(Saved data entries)
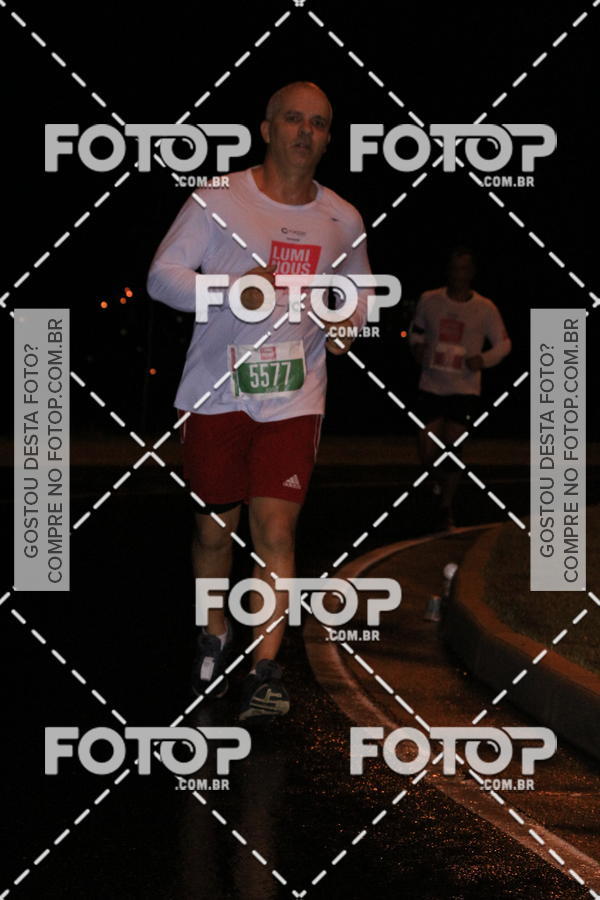 Buy your photos of the eventLuminous Run on Fotop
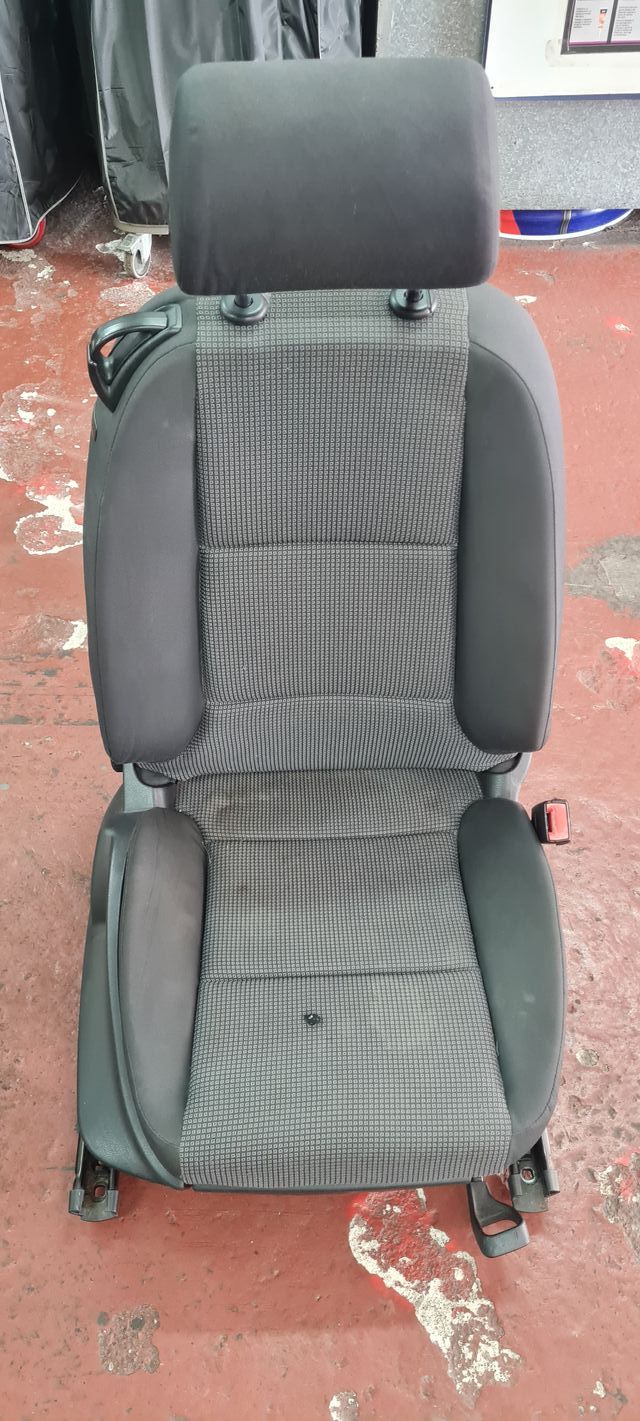 Seat 1430 y 124 recambios lote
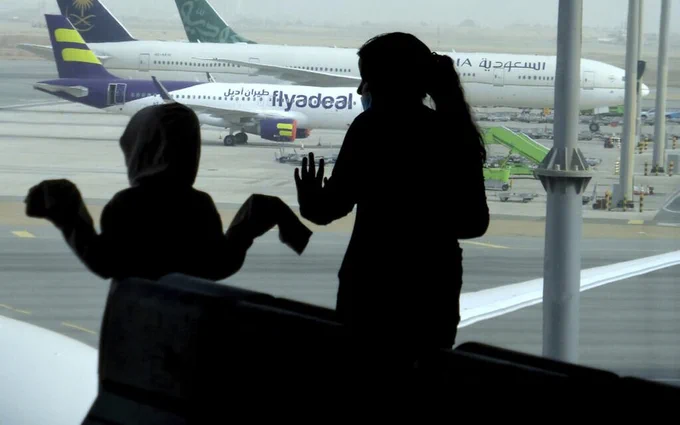 Flight With Over 100 Israelis Makes Emergency Landing in Saudi Arabia | SOURCE: VINnews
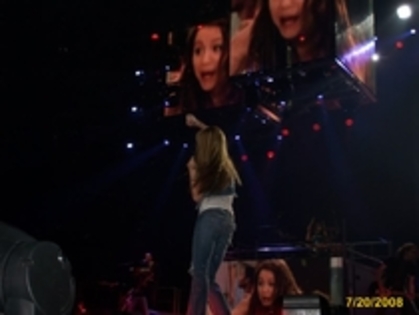 546_765 - cateva poze concert hannah montana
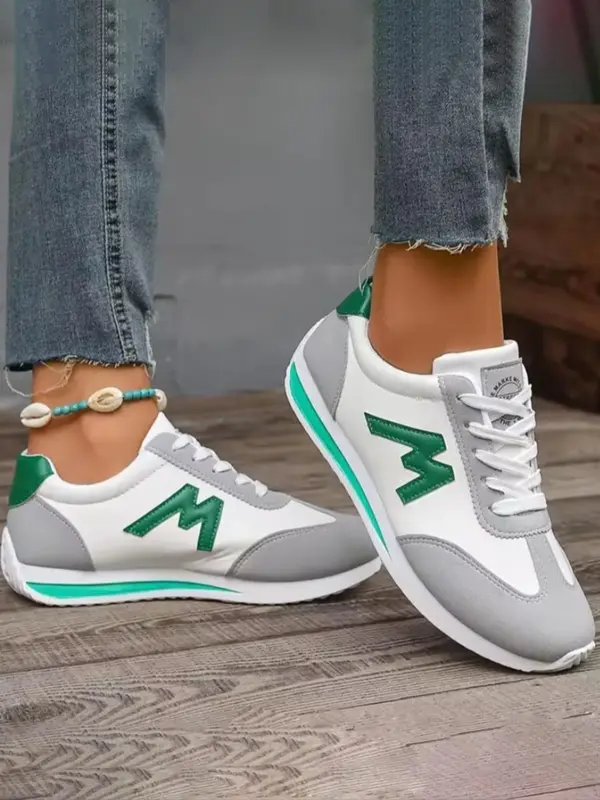 Women's Fashionable Patchwork Design Lace Up Low Top Sneakers, Casual Comfortable Breathable Sports Running Shoes, All-match Round Toe Shoes for Daily Wear 2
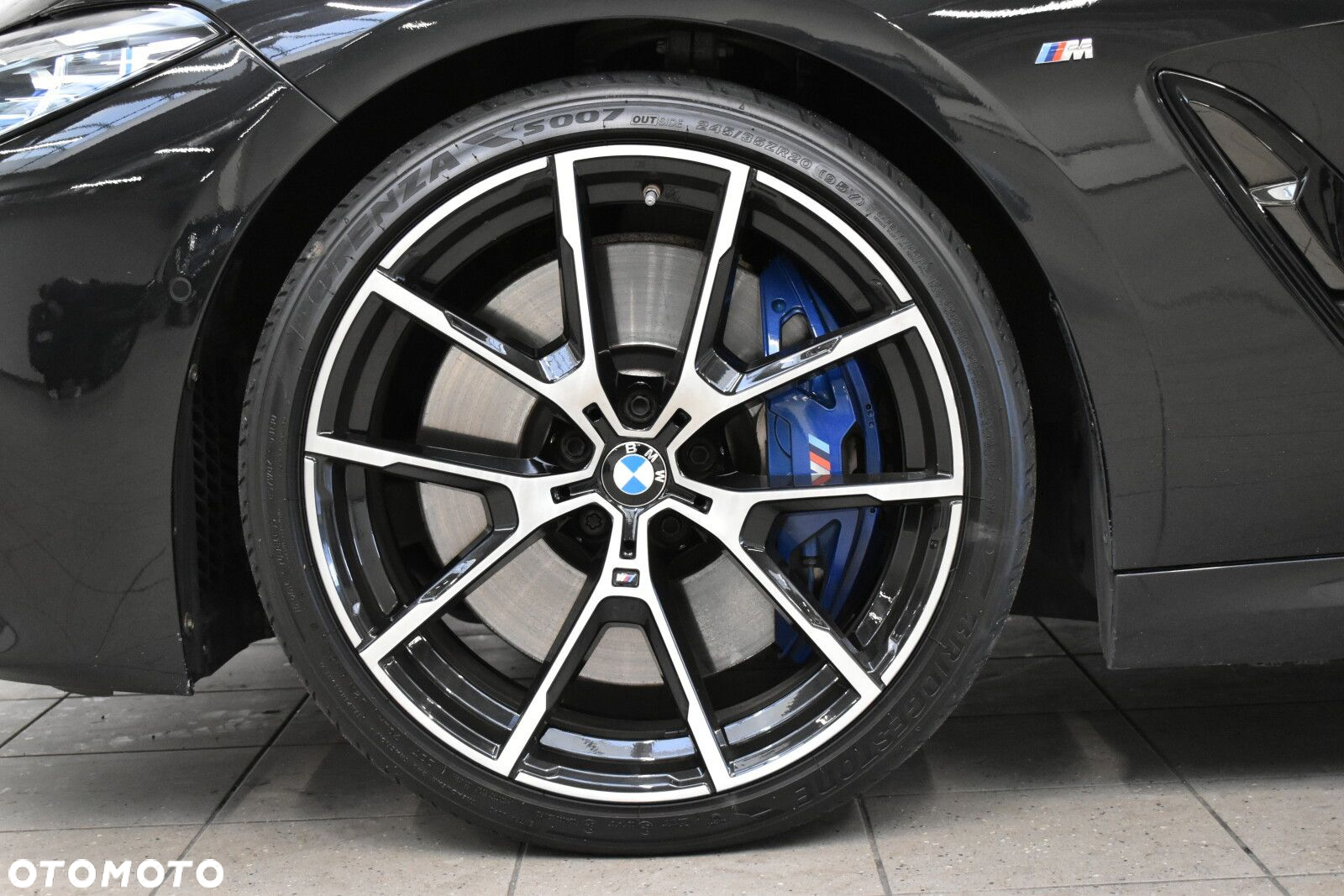 BMW Seria 8 - 7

* _TASK DIRECTIONS_:
Exactly as written, reproduce all of the entries while dropping the pictures.

* _TASK ANSWER_:
 Buy your photos of the eventLuminous Run on Fotop
 Seat 1430 y 124 recambios lote
 Flight With Over 100 Israelis Makes Emergency Landing in Saudi Arabia | SOURCE: VINnews
 546_765 - cateva poze concert hannah montana
 Women's Fashionable Patchwork Design Lace Up Low Top Sneakers, Casual Comfortable Breathable Sports Running Shoes, All-match Round Toe Shoes for Daily Wear 2
 BMW Seria 8 - 7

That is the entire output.